Closed jessecusack closed 11 months ago
For my test case, ~6GB and 280 P files, the check, without merging is ~2 seconds on my fully local MacBook file system. I have not tested it on a networked drive.
As of now, there is no caching, but it is on my list to look at. Given the ~2 second overhead I have not done anything yet.
Ok, that is great. Reading through the code I am getting a vague understanding of what it does, but much is still unclear. Could you clarify:
I am concerned about the integrity of original raw data and possible dependence on Rockland file specs. I like to leave original data that comes off the instrument completely untouched (no renaming of files or moving data around).

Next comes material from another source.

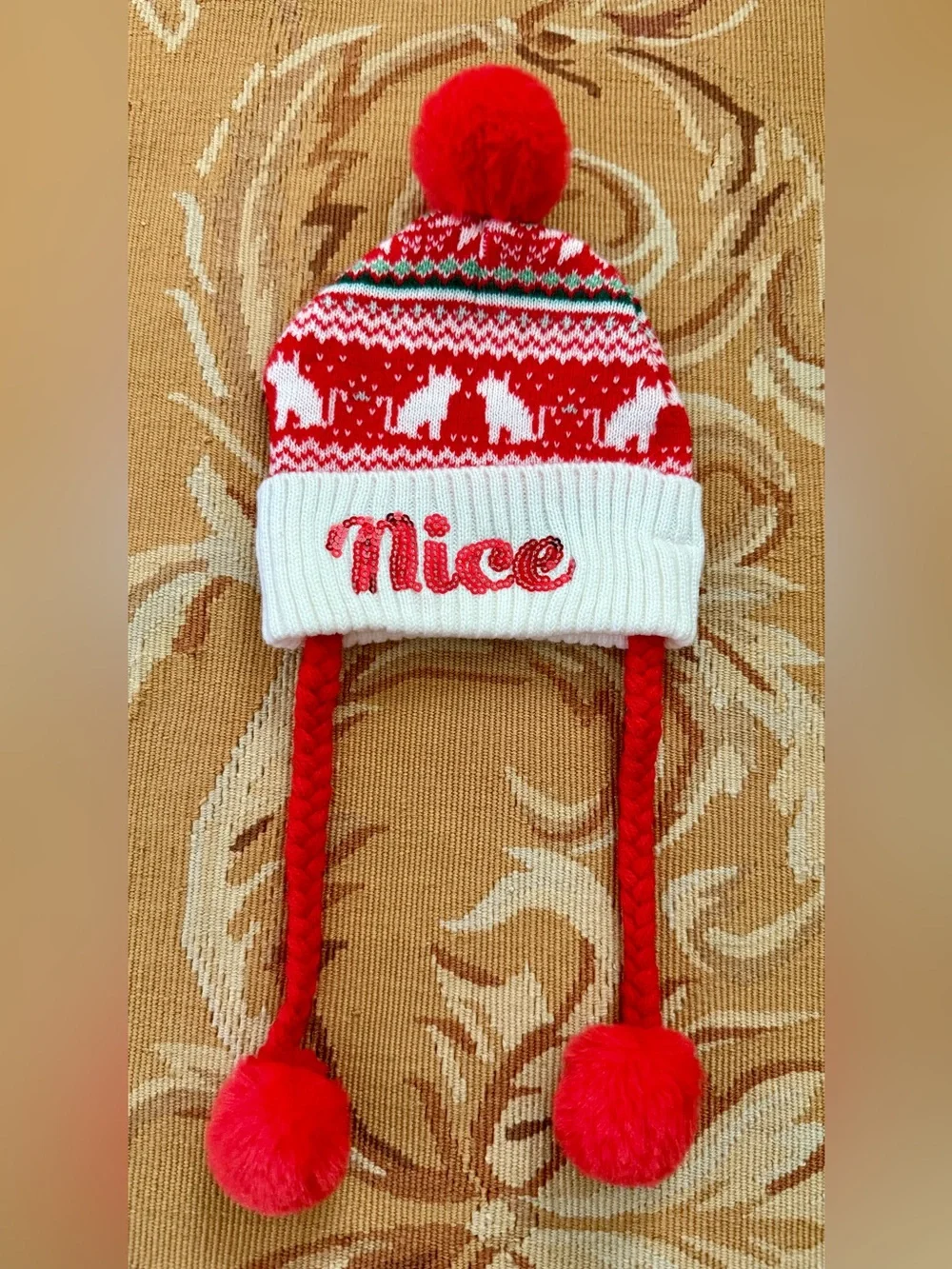 Little Cat Or Dog Christmas Holiday Santa Hat Naughty/Nice Pom Poms Red White
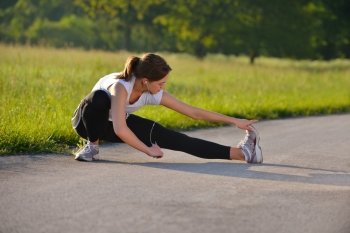 healthy young woman stretching before Fitness and Exercise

It relies on the specific layout of P file in terms of the overall well defined structure, 128 byte header and a variable length payload, with the first payload being the configuration ASCII string. This structure has been stable for years and is defined in Rockland's Technical Note 0051.
Rockland will add some more content into the unused header record fields, but it will still be 128 bytes. They are looking at simplifying the rollover file detection method in the next iteration of the software, which will enable even faster detection. That will be a different check, based on the version of the P file specified in the header version field. This function will not become obsolete, but rather it will need enhancement with the updated detection method.
I'm insanely careful about the integrity of the data. The steps are:
Yes, I'm sure there is a thread for data corruption, but it is very tiny. That being said, this is the basic method Rockland is already using when you call odas_p2mat and there are bad blocks in a file, the file is moved to _original.p and an updated .p file is written in place.
I typically do the following with my data: a) I create a read-only copy of what came off the instrument. b) I create a working copy where I run my script on.
@jessecusack Can we close this?
I still have a bad feeling about this workflow. When I think of data integrity, I am thinking both of the corruption aspect and also the file attributes and metadata. To me the raw
data directory should be a 1:1 copy of exactly what comes off the instrument, nothing more or less, and any software working with that should not modify it in any way. The current workflow breaks this integrity because it renames raw files and creates new ones that were not originally on the instrument. I understand that your workaround for this is to have a read-only repository of original data that is not touched by the code. This is not a bad idea, but it is prone to human error (I understand that all workflows are to some extend). Someone at sea may forget to follow this procedure.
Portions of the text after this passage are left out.